====== Provided material

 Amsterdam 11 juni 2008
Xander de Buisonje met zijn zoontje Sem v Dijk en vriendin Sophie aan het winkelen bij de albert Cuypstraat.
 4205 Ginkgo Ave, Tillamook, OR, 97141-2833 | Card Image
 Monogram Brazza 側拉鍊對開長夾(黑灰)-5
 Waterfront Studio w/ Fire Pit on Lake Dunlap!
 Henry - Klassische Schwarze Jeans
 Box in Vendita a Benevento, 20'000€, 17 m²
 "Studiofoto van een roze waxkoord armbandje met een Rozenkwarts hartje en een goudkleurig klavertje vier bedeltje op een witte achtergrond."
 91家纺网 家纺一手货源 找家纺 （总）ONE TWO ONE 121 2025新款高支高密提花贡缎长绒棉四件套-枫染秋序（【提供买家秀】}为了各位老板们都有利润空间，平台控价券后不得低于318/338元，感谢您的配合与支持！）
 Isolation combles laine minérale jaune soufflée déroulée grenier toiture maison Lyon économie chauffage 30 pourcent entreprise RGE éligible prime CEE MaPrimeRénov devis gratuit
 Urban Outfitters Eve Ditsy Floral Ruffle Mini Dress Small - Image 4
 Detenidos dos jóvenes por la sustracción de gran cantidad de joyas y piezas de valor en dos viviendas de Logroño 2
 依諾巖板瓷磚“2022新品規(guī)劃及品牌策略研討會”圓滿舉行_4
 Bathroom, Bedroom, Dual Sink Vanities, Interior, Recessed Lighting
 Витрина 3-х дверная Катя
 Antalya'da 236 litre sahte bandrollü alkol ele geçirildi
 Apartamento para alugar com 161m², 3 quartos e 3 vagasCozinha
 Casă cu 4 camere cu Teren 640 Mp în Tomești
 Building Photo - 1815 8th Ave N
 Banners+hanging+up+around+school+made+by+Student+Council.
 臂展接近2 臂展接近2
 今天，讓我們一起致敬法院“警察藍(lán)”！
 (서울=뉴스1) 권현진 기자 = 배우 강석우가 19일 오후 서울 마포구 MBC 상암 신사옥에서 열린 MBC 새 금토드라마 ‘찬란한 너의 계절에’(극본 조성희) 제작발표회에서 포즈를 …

============

### What is required
Return all the data above, unaltered and complete.

### Result
 Amsterdam 11 juni 2008
Xander de Buisonje met zijn zoontje Sem v Dijk en vriendin Sophie aan het winkelen bij de albert Cuypstraat.
 4205 Ginkgo Ave, Tillamook, OR, 97141-2833 | Card Image
 Monogram Brazza 側拉鍊對開長夾(黑灰)-5
 Waterfront Studio w/ Fire Pit on Lake Dunlap!
 Henry - Klassische Schwarze Jeans
 Box in Vendita a Benevento, 20'000€, 17 m²
 "Studiofoto van een roze waxkoord armbandje met een Rozenkwarts hartje en een goudkleurig klavertje vier bedeltje op een witte achtergrond."
 91家纺网 家纺一手货源 找家纺 （总）ONE TWO ONE 121 2025新款高支高密提花贡缎长绒棉四件套-枫染秋序（【提供买家秀】}为了各位老板们都有利润空间，平台控价券后不得低于318/338元，感谢您的配合与支持！）
 Isolation combles laine minérale jaune soufflée déroulée grenier toiture maison Lyon économie chauffage 30 pourcent entreprise RGE éligible prime CEE MaPrimeRénov devis gratuit
 Urban Outfitters Eve Ditsy Floral Ruffle Mini Dress Small - Image 4
 Detenidos dos jóvenes por la sustracción de gran cantidad de joyas y piezas de valor en dos viviendas de Logroño 2
 依諾巖板瓷磚“2022新品規(guī)劃及品牌策略研討會”圓滿舉行_4
 Bathroom, Bedroom, Dual Sink Vanities, Interior, Recessed Lighting
 Витрина 3-х дверная Катя
 Antalya'da 236 litre sahte bandrollü alkol ele geçirildi
 Apartamento para alugar com 161m², 3 quartos e 3 vagasCozinha
 Casă cu 4 camere cu Teren 640 Mp în Tomești
 Building Photo - 1815 8th Ave N
 Banners+hanging+up+around+school+made+by+Student+Council.
 臂展接近2 臂展接近2
 今天，讓我們一起致敬法院“警察藍(lán)”！
 (서울=뉴스1) 권현진 기자 = 배우 강석우가 19일 오후 서울 마포구 MBC 상암 신사옥에서 열린 MBC 새 금토드라마 ‘찬란한 너의 계절에’(극본 조성희) 제작발표회에서 포즈를 …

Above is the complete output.